━━━ Task input ━━━

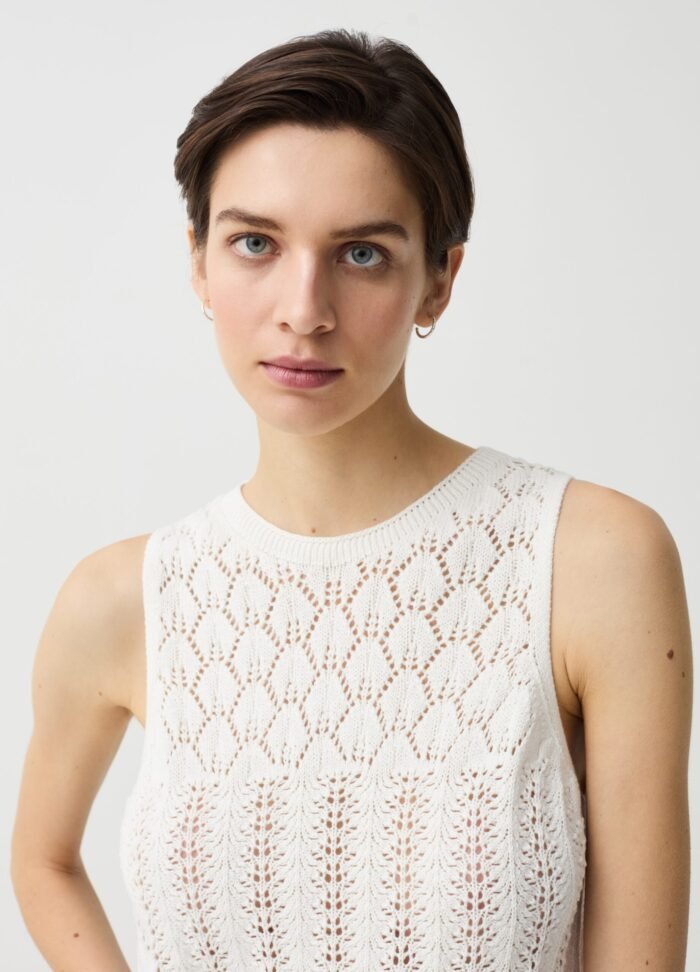 Women's Crochet-Yoke Top – Cream - Image 2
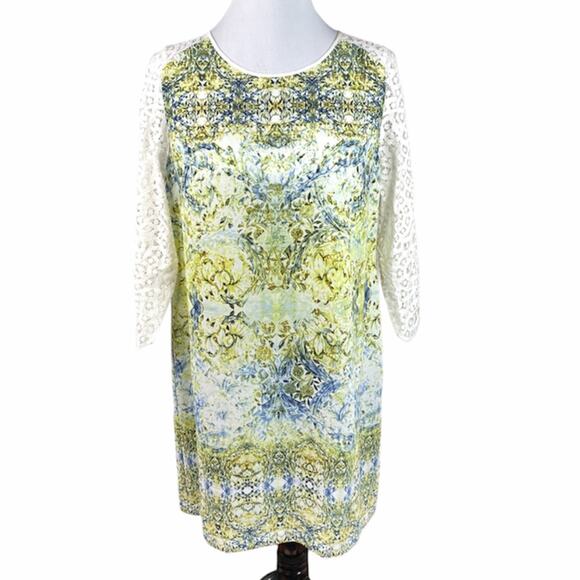 Ivanka Trump Floral and Lace Dress Green Blue Size 12 - Picture 10 of 10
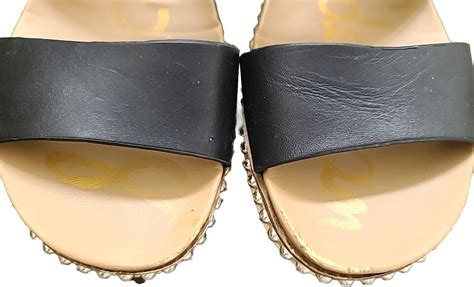 Sam Edelman Asha Sandals Women Us Black Leather Flat Silver Studded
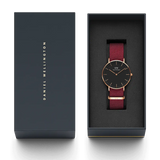 Daniel Wellington Classic Roselyn Black Dial Maroon Nylon Strap Watch For Women - DW00100273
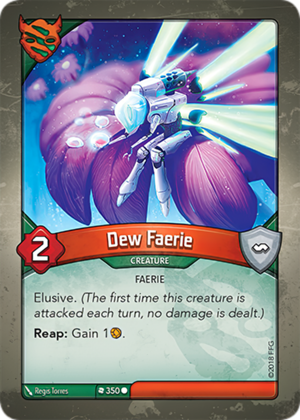 Dew Faerie, a KeyForge card illustrated by Regis Torres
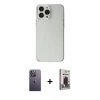 MARSİLYAN™- iPhone 13 Pro Max Kılıf Kutup Doku Koleksiyonu - Siyah Bilvis Hayalet Cam Ekran Koruyucu + Neon Fosforlu Kamera Lens - BZ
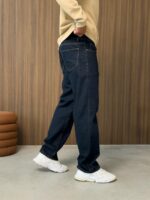 Мужские Широкие Темно-Синие Джинсы Багги - Свободные Прямого Кроя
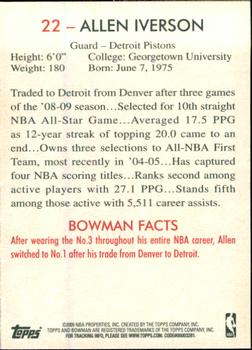 2009-10 Bowman 48 #22 Allen Iverson Back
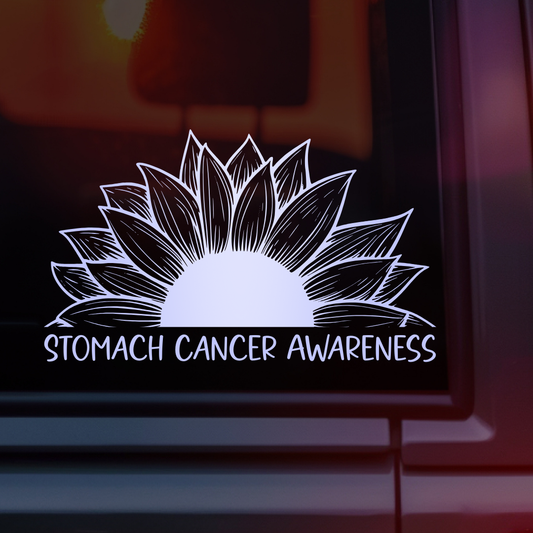 Stomach Cancer Awareness Sunflower Car Decal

━━━

• _Directions_:
An exact copy of the material above is required, free of any pictures.

• _Completed exercise_:
 Women's Crochet-Yoke Top – Cream - Image 2
 Ivanka Trump Floral and Lace Dress Green Blue Size 12 - Picture 10 of 10
 Sam Edelman Asha Sandals Women Us Black Leather Flat Silver Studded
 Daniel Wellington Classic Roselyn Black Dial Maroon Nylon Strap Watch For Women - DW00100273
 Dew Faerie, a KeyForge card illustrated by Regis Torres
 MARSİLYAN™- iPhone 13 Pro Max Kılıf Kutup Doku Koleksiyonu - Siyah Bilvis Hayalet Cam Ekran Koruyucu + Neon Fosforlu Kamera Lens - BZ
 Мужские Широкие Темно-Синие Джинсы Багги - Свободные Прямого Кроя
 2009-10 Bowman 48 #22 Allen Iverson Back
 Stomach Cancer Awareness Sunflower Car Decal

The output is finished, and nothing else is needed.